The idea that the magical market is going to make up a substantial part of what this half of Irish households will lose in the budget is pure fantasy – the bulk of their income doesn’t come from the market, it comes from the State. And the negative economic effects of cutting that income are much deeper than those of cutting the incomes of the better off. We know what people in the bottom half do with the money they get from the State: they spend it. Unlike those at the top they don’t have the choice of saving large parts of their income. They have to buy stuff with it, helping in the process to keep local businesses going and to keep people in jobs in the battered domestic economy. More cuts to the incomes of the poorest means less spending, more unemployment, lost taxes. And more scratching of heads when it turns out that all the promises of economic growth were illusory.

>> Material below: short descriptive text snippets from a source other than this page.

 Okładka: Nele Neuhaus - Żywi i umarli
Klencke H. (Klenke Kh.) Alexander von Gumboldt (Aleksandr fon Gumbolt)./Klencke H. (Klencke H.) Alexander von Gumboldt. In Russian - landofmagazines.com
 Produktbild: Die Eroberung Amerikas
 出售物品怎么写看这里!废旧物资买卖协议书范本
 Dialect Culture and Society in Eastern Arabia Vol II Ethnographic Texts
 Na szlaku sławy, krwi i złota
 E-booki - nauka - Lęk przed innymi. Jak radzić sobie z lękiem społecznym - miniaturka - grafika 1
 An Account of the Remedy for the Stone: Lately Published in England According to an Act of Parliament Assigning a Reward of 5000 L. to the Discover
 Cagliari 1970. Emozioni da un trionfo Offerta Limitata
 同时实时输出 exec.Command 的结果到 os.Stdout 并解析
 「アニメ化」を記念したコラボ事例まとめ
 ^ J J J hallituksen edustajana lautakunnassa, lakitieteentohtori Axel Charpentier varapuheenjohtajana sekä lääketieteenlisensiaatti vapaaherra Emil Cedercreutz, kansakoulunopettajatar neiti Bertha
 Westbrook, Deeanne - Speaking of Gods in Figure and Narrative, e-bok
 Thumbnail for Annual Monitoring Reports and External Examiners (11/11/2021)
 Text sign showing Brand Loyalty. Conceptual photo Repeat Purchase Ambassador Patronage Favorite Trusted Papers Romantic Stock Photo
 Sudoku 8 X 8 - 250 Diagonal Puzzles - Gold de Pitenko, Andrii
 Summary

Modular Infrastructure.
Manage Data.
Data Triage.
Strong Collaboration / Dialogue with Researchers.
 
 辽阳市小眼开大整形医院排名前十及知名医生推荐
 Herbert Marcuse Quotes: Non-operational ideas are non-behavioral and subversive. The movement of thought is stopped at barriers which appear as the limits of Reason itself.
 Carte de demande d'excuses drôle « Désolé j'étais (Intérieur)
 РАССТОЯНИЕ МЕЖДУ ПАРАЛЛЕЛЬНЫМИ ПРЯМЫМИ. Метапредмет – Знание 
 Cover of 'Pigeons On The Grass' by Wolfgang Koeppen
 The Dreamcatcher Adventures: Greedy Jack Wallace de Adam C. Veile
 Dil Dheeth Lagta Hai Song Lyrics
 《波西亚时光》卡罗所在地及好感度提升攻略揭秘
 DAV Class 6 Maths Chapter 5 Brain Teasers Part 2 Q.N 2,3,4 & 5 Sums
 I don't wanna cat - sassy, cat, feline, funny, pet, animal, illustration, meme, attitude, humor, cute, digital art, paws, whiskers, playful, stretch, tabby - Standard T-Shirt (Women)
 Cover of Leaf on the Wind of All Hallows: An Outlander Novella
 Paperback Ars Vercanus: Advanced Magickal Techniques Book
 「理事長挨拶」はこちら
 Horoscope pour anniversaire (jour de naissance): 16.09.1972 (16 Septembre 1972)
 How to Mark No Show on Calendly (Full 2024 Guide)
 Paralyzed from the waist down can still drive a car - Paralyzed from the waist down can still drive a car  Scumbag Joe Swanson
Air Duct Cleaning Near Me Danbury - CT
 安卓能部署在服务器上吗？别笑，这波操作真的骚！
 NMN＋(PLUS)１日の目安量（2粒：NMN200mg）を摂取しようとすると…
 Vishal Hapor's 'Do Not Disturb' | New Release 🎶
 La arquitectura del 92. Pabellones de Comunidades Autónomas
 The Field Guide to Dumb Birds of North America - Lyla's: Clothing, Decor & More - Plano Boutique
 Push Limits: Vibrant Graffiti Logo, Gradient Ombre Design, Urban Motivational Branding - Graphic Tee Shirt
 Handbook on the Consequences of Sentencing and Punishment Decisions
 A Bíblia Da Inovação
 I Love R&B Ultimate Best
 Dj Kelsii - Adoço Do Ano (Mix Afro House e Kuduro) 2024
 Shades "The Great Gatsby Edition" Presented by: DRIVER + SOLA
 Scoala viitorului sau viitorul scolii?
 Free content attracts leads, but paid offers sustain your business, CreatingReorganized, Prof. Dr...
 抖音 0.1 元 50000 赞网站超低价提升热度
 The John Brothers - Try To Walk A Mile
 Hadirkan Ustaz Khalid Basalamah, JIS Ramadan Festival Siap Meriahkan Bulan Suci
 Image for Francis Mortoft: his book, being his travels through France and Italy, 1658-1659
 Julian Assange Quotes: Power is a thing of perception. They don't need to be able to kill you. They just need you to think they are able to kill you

Cutting the incomes of the poorest people is indecent. It is particularly stupid when children are overrepresented in poor households, meaning the long-term social and economic costs will be all the greater. But even leaving aside considerations of basic decency, it is an exercise in bone-headed futility, like generals throwing kids and the elderly on to the frontlines in a war that is already lost. It is not fiscal responsibility, but social and economic recklessness. We’ve had zombie banks and zombie politics and now we have a zombie idea, a policy based on calculations admitted to be wrong. Are we really telling people to go cold and go hungry because somebody couldn’t do the maths?